» **About this exercise**
First find the line with "Mi Primera Orquesta", then reproduce it and all following lines of the data to the end, exactly and with no pictures, adding nothing.
== Provided records ==
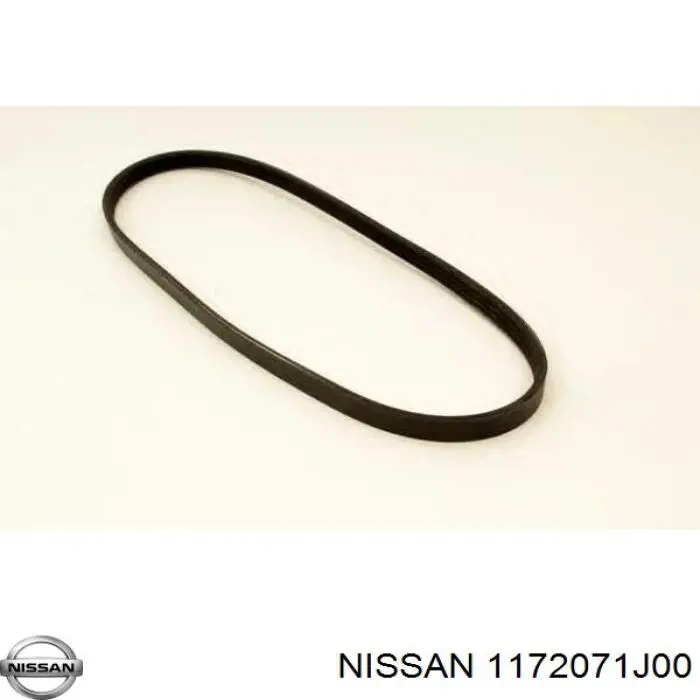 Comprar 1172071J00 Nissan/Infiniti Correa trapezoidal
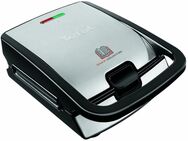 Tefal 2-in-1-Kombi-Waffeleisen SW852D Snack Collection, 700 W, antihaftbeschichte Platten, spülmaschinengeeignet, viele Funktionen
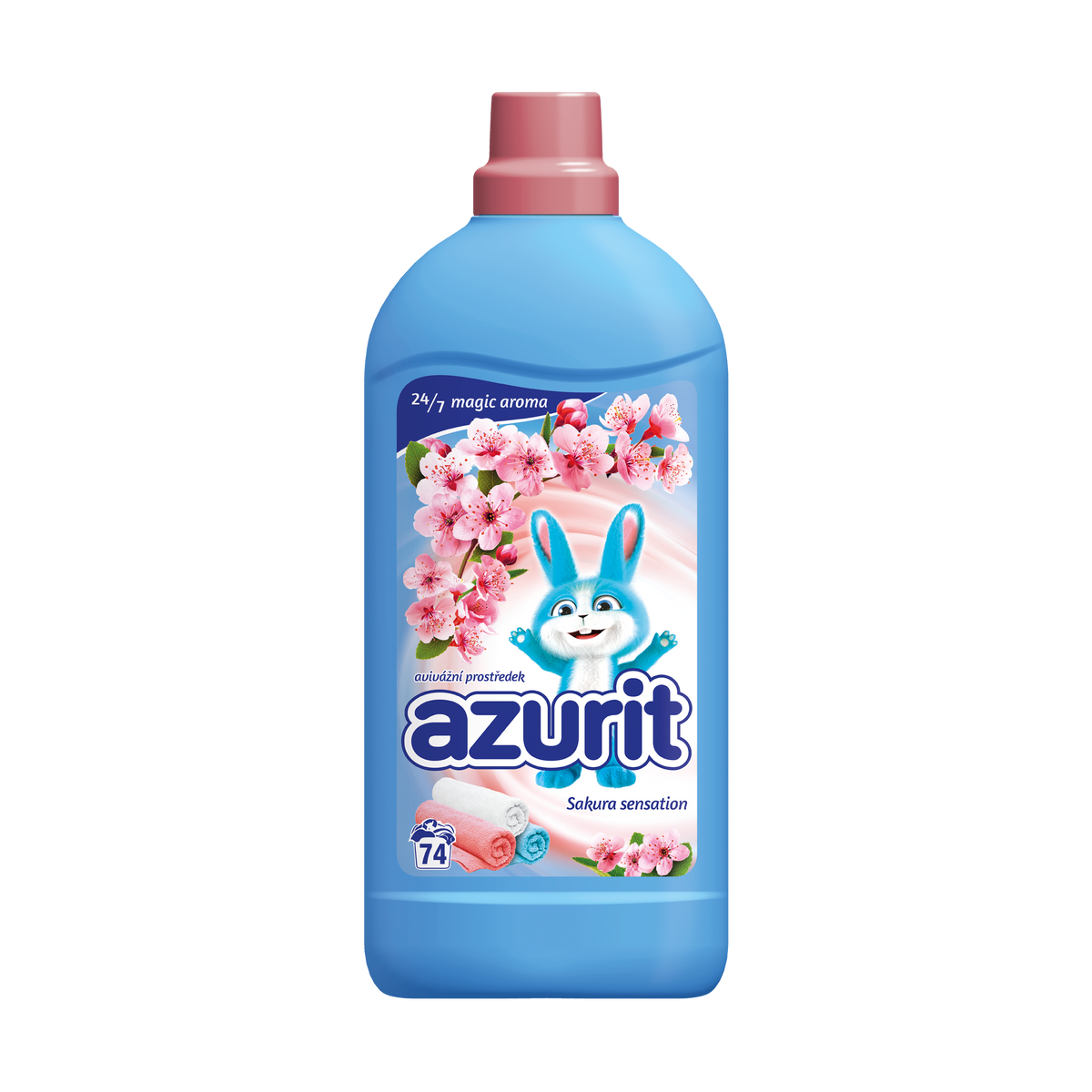 AZURIT avivážní prostředek 74 dávek / 1 628ml Sakura sensation
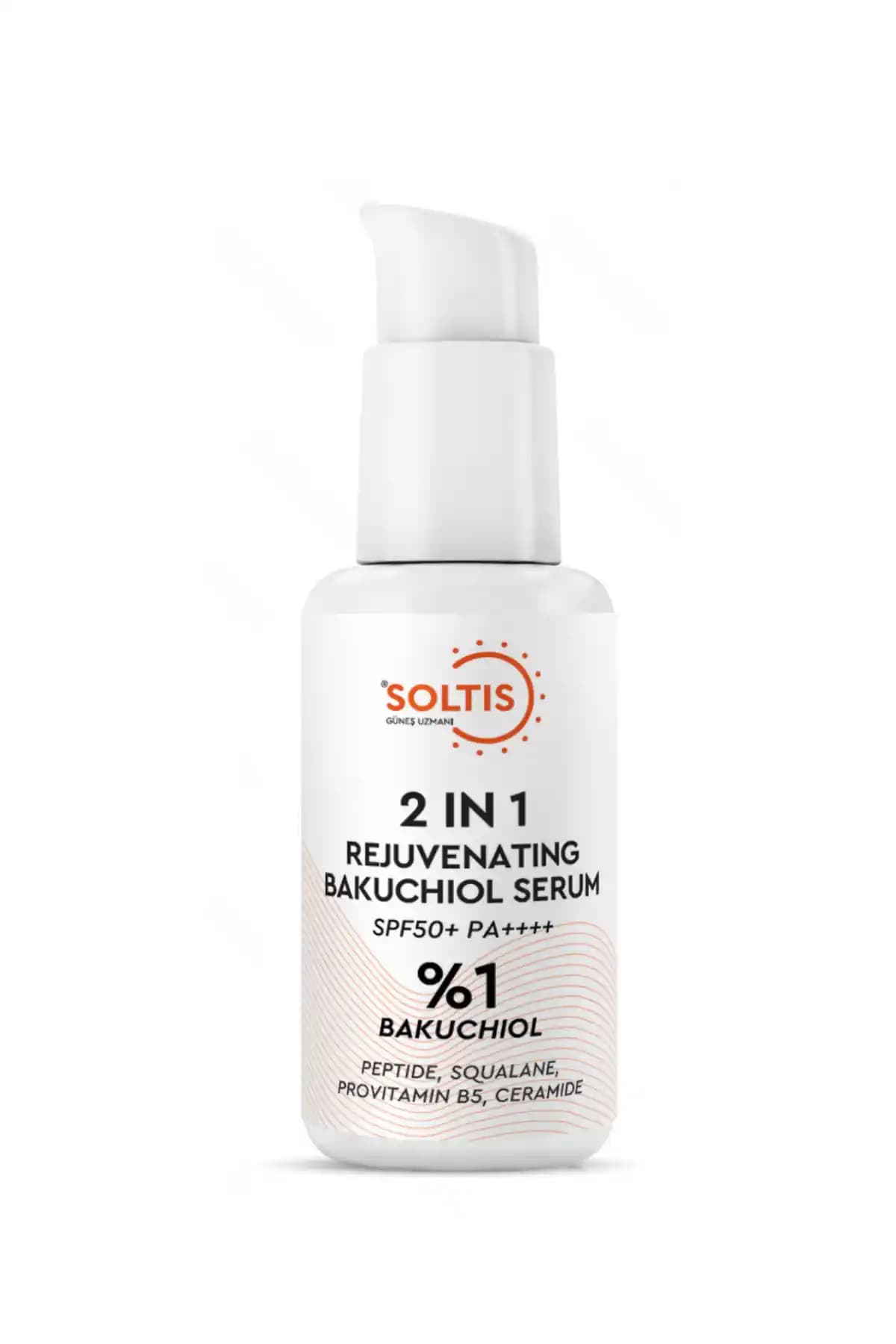 Soltis Bio Retinol Serum Gündüz ve Gece Kullanımı İçin Doğal Yaşlanma Karşıtı Çözüm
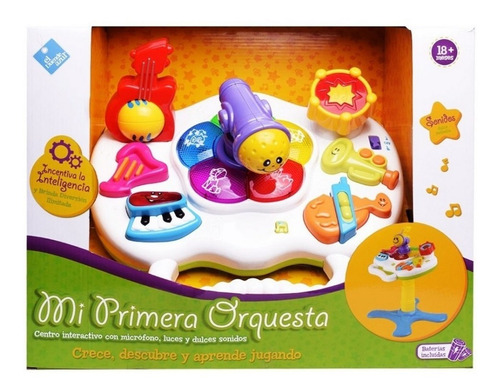 Mi Primera Orquesta Mesa Dj Con Palo Infantil Ar1 7092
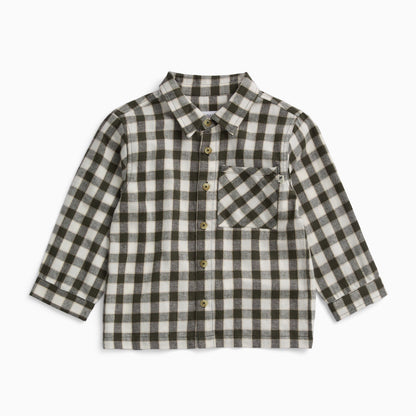 KIDLY by MORI Checked Shirt
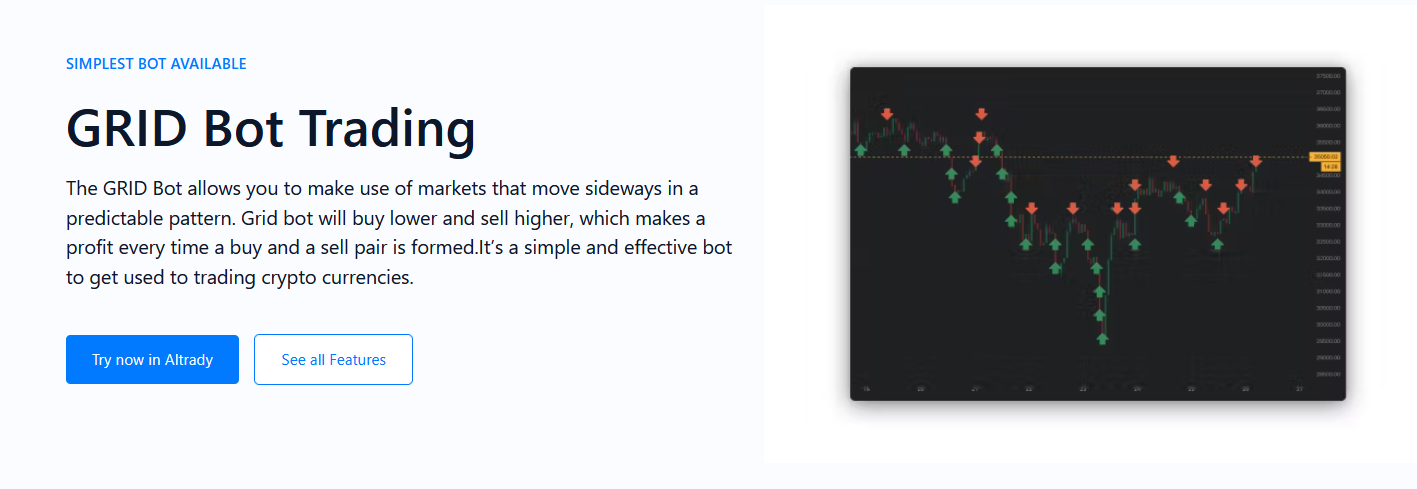 Altrady provides automated bots.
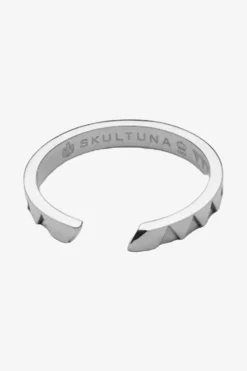 Ring Sharktooth Smal Silver
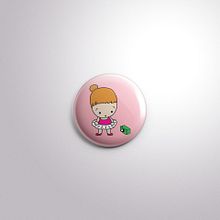Custom pin. Un proyecto de Diseño gráfico e Ilustración tradicional de Abigail Rodríguez - 10.11.2014
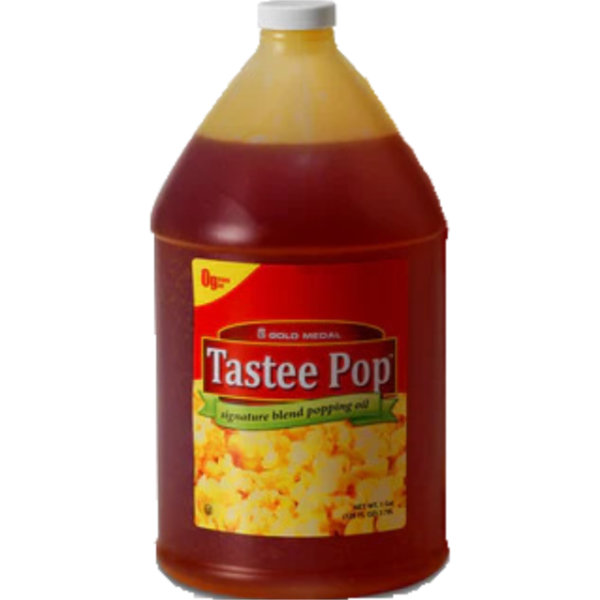 Tastee Pop Popping Oil 1gal Bottle thumbnail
===
» **Result for this task**
 Mi Primera Orquesta Mesa Dj Con Palo Infantil Ar1 7092
 KIDLY by MORI Checked Shirt
 Altrady provides automated bots.
 Ring Sharktooth Smal Silver
Custom pin. Un proyecto de Diseño gráfico e Ilustración tradicional de Abigail Rodríguez - 10.11.2014
 Tastee Pop Popping Oil 1gal Bottle thumbnail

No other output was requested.